Радищев тоже стал было откланиваться, но Андрей остановил его:
— Ты–то куда спешишь? Посиди, поговорите с братцем, покуда я вернусь.
— Право, оставайтесь, — сказал Василий Кириллович.
Андрей убежал. Радищев и Василий Кириллович остались одни.
— Ветер в голове, — сказал Рубановский укоризненно, кивнув в сторону двери, за которой скрылся Андрей, — а служба требует основательности, внимания, точности. Истинный служащий чиновник должен быть совсем не таков.

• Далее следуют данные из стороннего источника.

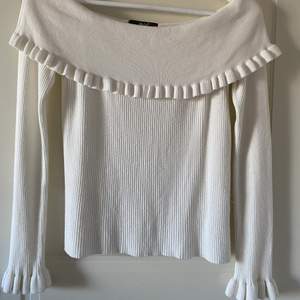 Gullig och fin stickad off shoulder tröja med volang från Chiquelle. Köpt för några år sedan men är iI mycket fint skick. Storlek: onesize men skulle säga 34/36. Frakt tillkommer 🤍🤍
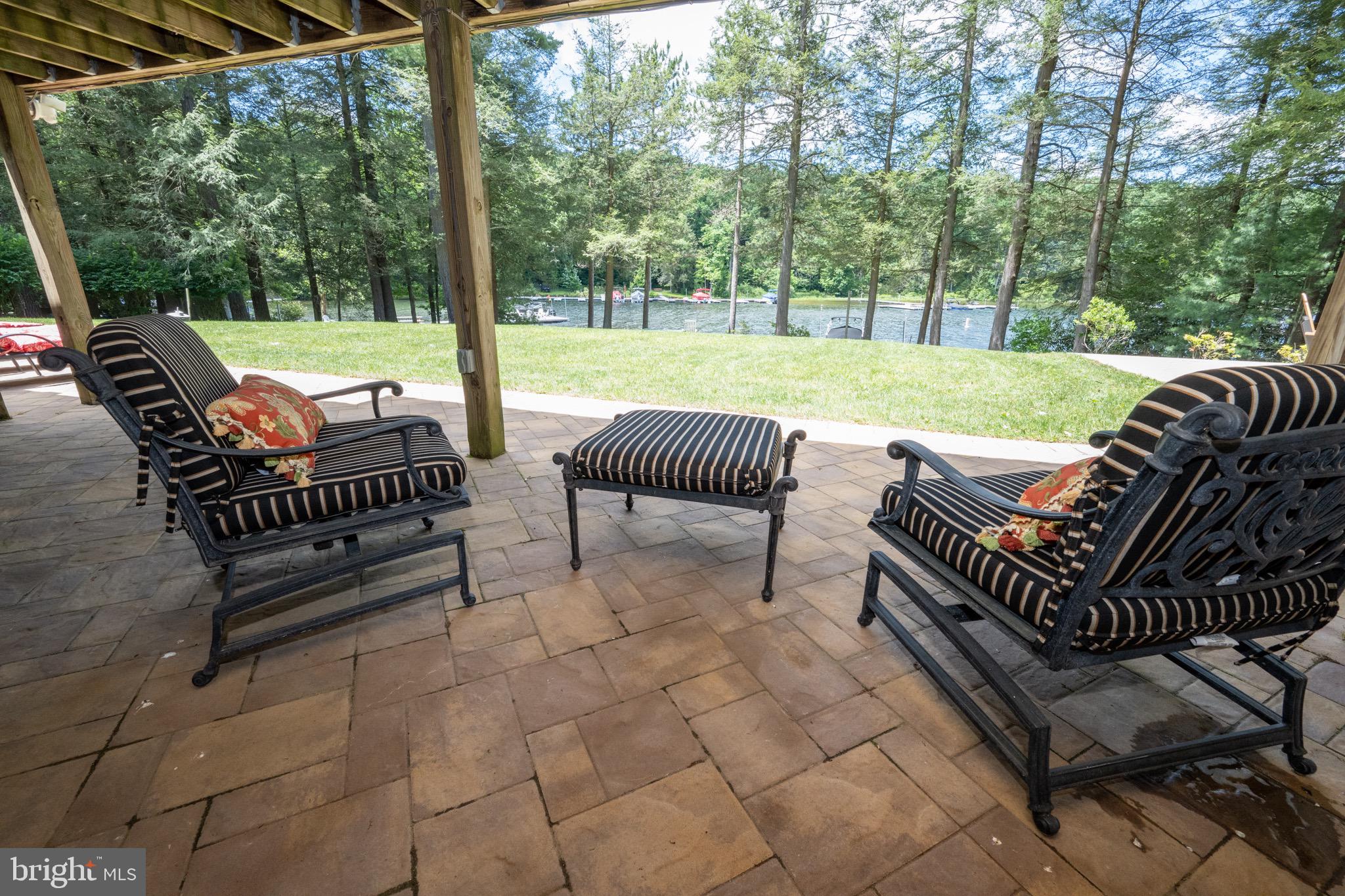 LAKE SHORE DRIVE - Residential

— Андрей Кириллович не похож на тех чиновников, которых мы видим в департаменте, — ответил Радищев. — Но не дай бог походить на них! О господи, что это за люди! Я служу очень недолго, и такое жестокое разочарование! Я–то думал найти среди них друзей и единомышленников. А они… Да что там говорить!
— Вы, милый, слишком строго судите, — спокойно ответил Рубановский. — Вы еще молоды, в службе. Поживите, послужите — и, глядишь, сживетесь…
— Сколько бы я ни прослужил, — горячо перебил его Радищев, — все равно никогда не перестану возмущаться неправдой и лихоимством. Эти господа, даже не таясь и нимало не смущаясь, только и говорят, что о взятках, подлогах, жульничествах всякого рода, похваляются друг перед другом своими гнусными подвигами. И еще смеют оправдывать свои мерзости тем, что якобы иначе служить нельзя.
Рубановский не раз уже слышал подобные речи зеленых юнцов, которые лезли на рожон, возмущались, шумели. Ну прямо шутиха фейерверочная: бах–бах — шум, гром. Шуму много, да, слава богу, ненадолго. Годам к двадцати, остепенившись, крикуны благополучно забывали всю ерунду, которую когда–то несли, закусив удила. Подобных примеров перед глазами десятки, сотни.
Но Радищев раздражал его, было в нем что–то притягивающее и одновременно возбуждающее беспокойство. Он уже переступил грань, за которой пора бы остепениться, а юношеское недомыслие так и лезет из него. Уж не до седых ли волос намерен он мальчишествовать?
Рубановский перевел разговор на другую тему:
— Брат мой Андрей говорил, что вы, Александр Николаевич, занимаетесь сочинительством…
— Немного… — смутившись, ответил Радищев.
— Дело хорошее. В чем же состоят ваши упражнения, если не секрет?
— Сейчас я перевожу с французского одно сочинение философско–политического характера.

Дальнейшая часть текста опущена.